Saturday, March 8, 2008

Tonglen Meditation Practice


I’ve just about committed to the practice of Buddhism though I’m still feeling it out. I’ve been meditating every day for the past week. It’s not an easy endeavor; I feel my restlessness and my anxiety. Sometimes I settle into the meditation and my discomfort begins to disperse and other times I just sit breathing in the discomfort. I’ve been listening to audio tapes of Western Buddhist teachers and I’ve been reading books by them as well, especially Pema Chodron, a Buddhist nun who follows the traditions from Tibet.

I first encountered the teachings of Pema Chodron soon after my last psychotic break six years ago. I had gone to Borders’ bookstore and bought one of her audio tapes. It was called Awakening Compassion, meditation practice for difficult times. I was about to go on a week long trip with my family and I felt fragile and unprepared. I thought this meditation might offer me some relief, some guidance and so I listened to the tapes on that trip. Pema Chodron talked about an in depth practice called lojong or “mind training”. This includes meditation on 59 pithy slogans in conjunction with a meditation practice called tonglen. Tonglen means “taking in and sending out”; you take in pain and discomfort and you send out healing and joy. First you do this for yourself in an abstract way, then you focus on a particular pain such as anxiety or depression and finally you imagine that you are breathing in other people’s pain and breathing out or sending to them healing.

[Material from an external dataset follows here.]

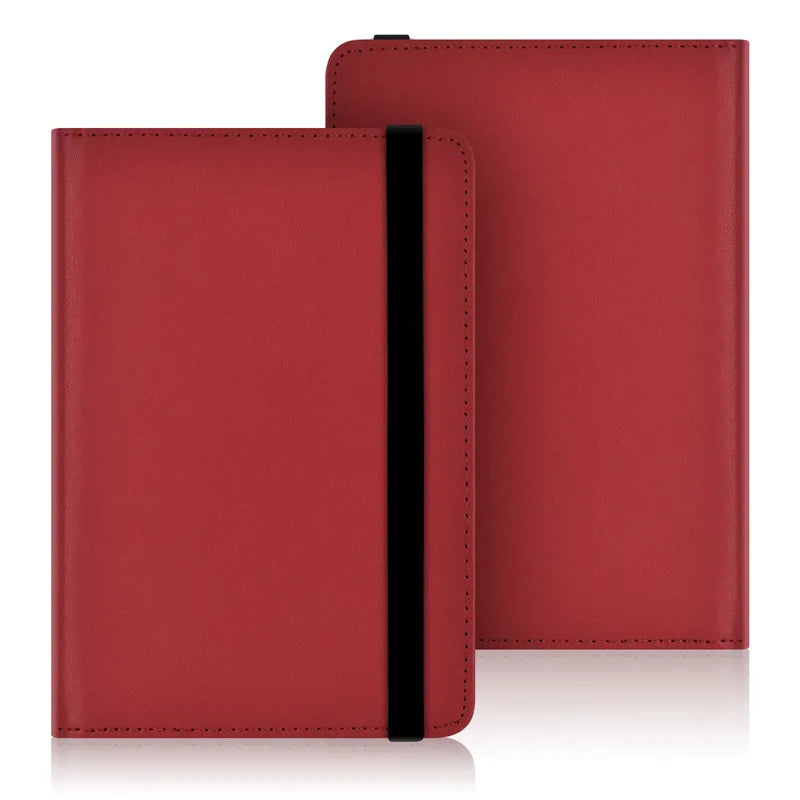 A red leather e-reader case with a black strap shown in a studio setting.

So the first part is the in-breath; you take in, breath in, make room in your heart for discomfort and suffering. You get in touch with it in a visceral way.

The Buddha taught the Four Noble Truths. The First Truth is the fact of suffering. Breathing in pain is getting in touch with this First Truth. But what is also true for most of us? We want to run away from suffering, our own and others, not always, but often. We look for pleasure to mask the pain. And so, choosing to breathe in the pain, to sit with it for the span of an in-breath and then keep returning to it breath after breath is extraordinary. Instead of running away, we face the problem, we give suffering it’s due attention and respect. And then comes the out breath, the release, the healing, repeated over and over. It’s like saying--face the problems in life, embrace them and transform them, first for yourself and then for all others.

Sounds great, but the practice takes courage. Sometimes the courage is there and sometimes it’s not, either way the practice is rich. When the courage is there you can embrace the pain, love it and release it, which feels wonderful. When the courage is not there, you sit with the pain and feel it. You are the pain. You acknowledge that you are tense, fearful, angry, restless or sad and you stay put. You remember the core of what you are working on, the fact of suffering in yourself and all others. This propels your spiritual quest, to understand suffering and to end it. I’m finding that both states, those with and without personal courage, are very valuable. This may be why many teachers instruct that the point of meditation is not to feel better. The point is to wake up to your present moment by cultivating love and compassion for yourself. If you’re having a “good” meditation, then you feel a calm, deep pleasure, a cessation of suffering, which is essential to experience. But if you’re having a “bad” meditation, you are struggling to sit still and breath through the suffering. That is also essential to experience. This practice involves commitment and a gentle, lovingkind discipline.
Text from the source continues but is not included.